At the time of writing, there are 148 homes for sale in Shepperton. Of these, 31 have been on the market for more than 12 weeks, equating to 20.9% of all available properties. Of those Shepperton properties that have been on the market 12 weeks or more, 12 of them have been on the market 26 weeks or more.
These stats point to something more significant, a property market where timing is becoming just as important as pricing.
Everybody knows the first few weeks of a property coming to market have always been the most critical. This initial launch period is when a home is fresh to the market, attracting the highest levels of attention from motivated buyers. When a property is priced correctly and presented well, it is during this window that it is most likely to secure a buyer.
Yet, there is now some recent research from our friends at Denton House Research who analysed last year’s 900k+ UK sales agreed. Below, you can see the spread of sales and how they drop off as time goes by ...
• Week 1 - 8.0% (of all houses sales in the UK take place in the first week)
• Week 2 - 14.2%
• Week 3 - 11.4%
• Week 4 - 8.2%
• Week 5 - 6.4%
• Week 6 - 5.2%
• Week 7 - 4.4%
• Week 8 - 3.9%
By week 16, that has reduced to 1.5% of sales and by week 26, that is down to 0.6%
41.8% of all UK house sales take place in the first 4 weeks of the home being marketed and that rises to 61.7% of sales within 8 weeks. If you get to week 12 unsold, you only have a 14.5% chance of selling your home.
Also, the quicker you achieve a sale agreed on your home, the greater the chance you will end up moving home. Homes that find a buyer within the first 25 days of it marketing have around a 19 out of 20 (94%) chance of that sale going on to exchange and complete (i.e., you move home). If a sale is agreed after 100 days, the chances of that sale reaching exchange and completion plummet down to 11 out of 20 (56%).

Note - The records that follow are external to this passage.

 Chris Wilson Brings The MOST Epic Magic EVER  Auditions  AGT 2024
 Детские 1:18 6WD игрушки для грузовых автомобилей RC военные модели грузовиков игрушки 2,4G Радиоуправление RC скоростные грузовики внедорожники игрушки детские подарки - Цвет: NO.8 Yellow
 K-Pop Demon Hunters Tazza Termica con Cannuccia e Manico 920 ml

The challenge arises when that initial window is missed. Once a property has been on the market for several months, buyer perception begins to shift. Rather than being seen as a new opportunity, it risks being viewed as a home which has something ‘wrong with it’. Prospective buyers start to question why it has not sold and, in many cases, assume there must be an underlying issue, whether justified or not.

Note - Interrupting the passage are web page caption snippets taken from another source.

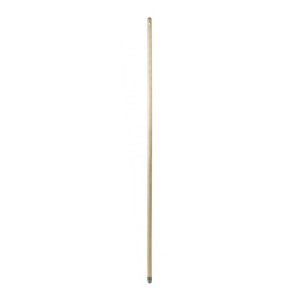 ROČAJ lesen, 130 cm, z navojem, za metlo žima 28 cm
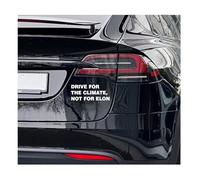 MaNeaz autocollants UV Autocollants de voiture amusants | "DRIVE FOR THE CLIMATE,NOT FOR ELON" | Imperméable et résistant aux rayures pour vitres ou vernis Environ 11 x 4,3 cm(Blanc)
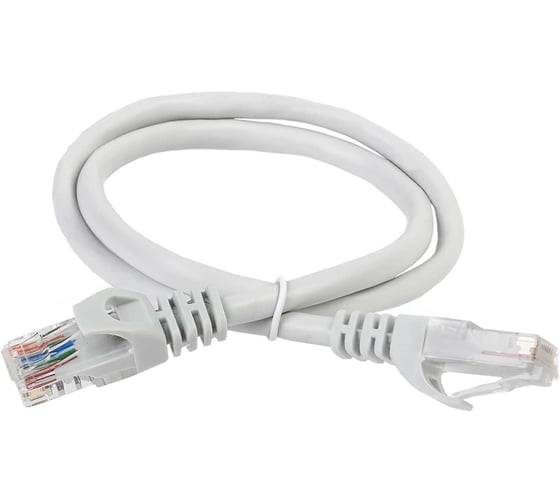 Патч-корд ITK категории 5е UTP 1.5 м серый PC01-C5EU-1M5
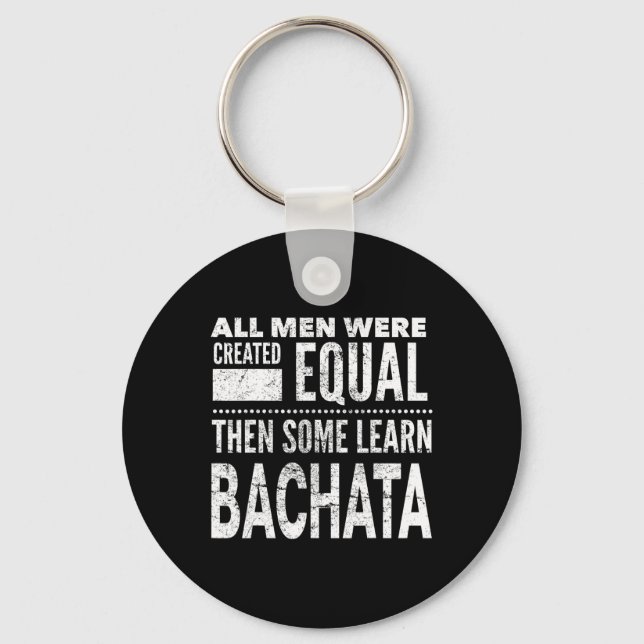 Bachata Dancing Latin Lover Dancers Fun Men Dance  Key Ring (Front)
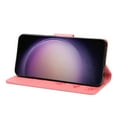 thumbnail image 6 of Mantto Galaxy S23 Wallet Case, Magnetic Leather Case for Women,3D Emboss Butterfly Card Slots Folio [Kickstand],Soft TPU Protective Flip Cover For Samsung Galaxy S23, Pink, 6 of 6
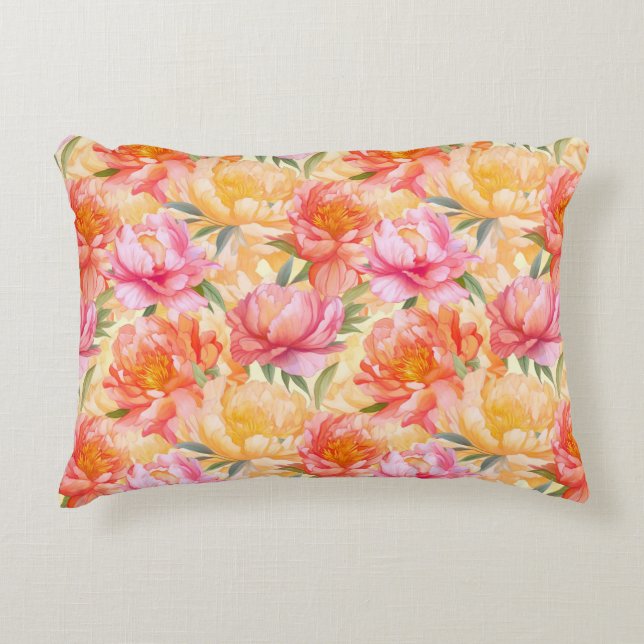 Coussins Décoratifs Oreiller accent floral (Devant)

This is where time on the market becomes more than just a statistic. It begins to influence the outcome.
A common factor behind extended marketing periods is overpricing at the point of launch.
Many sellers are advised, or choose, to test the market at a higher figure, with the expectation that adjustments can be made later if needed.
While this approach may appear to be the best approach, it often has the opposite effect. That’s not to say that you can’t ‘test the market’, but you must do that within a very short period of no more than a couple of weeks. If you haven’t achieved the sale or any serious interest in those few weeks, that is the time to take the asking price down. If you delay a price reduction until week 8 or beyond, the property has already been exposed to the most active segment of buyers, and the opportunity to generate strong early interest has passed. Instead of ‘testing the market’, you have ‘tested the market’s patience’ and it has moved on.
In this context, pricing is not simply about achieving the highest possible figure. It is about positioning a property correctly from the outset to attract the right level of demand.
This discussion also brings into focus the role of sole agency agreements, particularly those extending to 20 or 26 weeks. Many ‘larger’ estate agents advocate longer tie in periods, arguing that they provide the time needed to secure the best possible result. However, this data, when viewed alongside buyer behaviour and time to secure a sale, raises valid questions. Long sole agency agreements are there to protect the agent, not you as the owner.
Ultimately, the Shepperton property market reflects
a broader truth seen across the UK.
It is not a single, uniform market, but a collection of micro markets operating simultaneously. Different streets, property types, and price brackets can all behave very differently, even within the same town. What remains consistent, however, is the relationship between time and success. Properties that are correctly priced from day one are far more likely to achieve early interest, secure a buyer, and progress to completion. Those that miss that window often face a more challenging journey.
For homeowners in Shepperton, whether currently on the market or considering a move, the message is clear. Time on the market is not just a reflection of what has happened. It is a leading indicator of what is likely to happen next. And in a national property market where only around half of homes successfully sell (53.5% to be exact), that is a detail worth paying close attention to.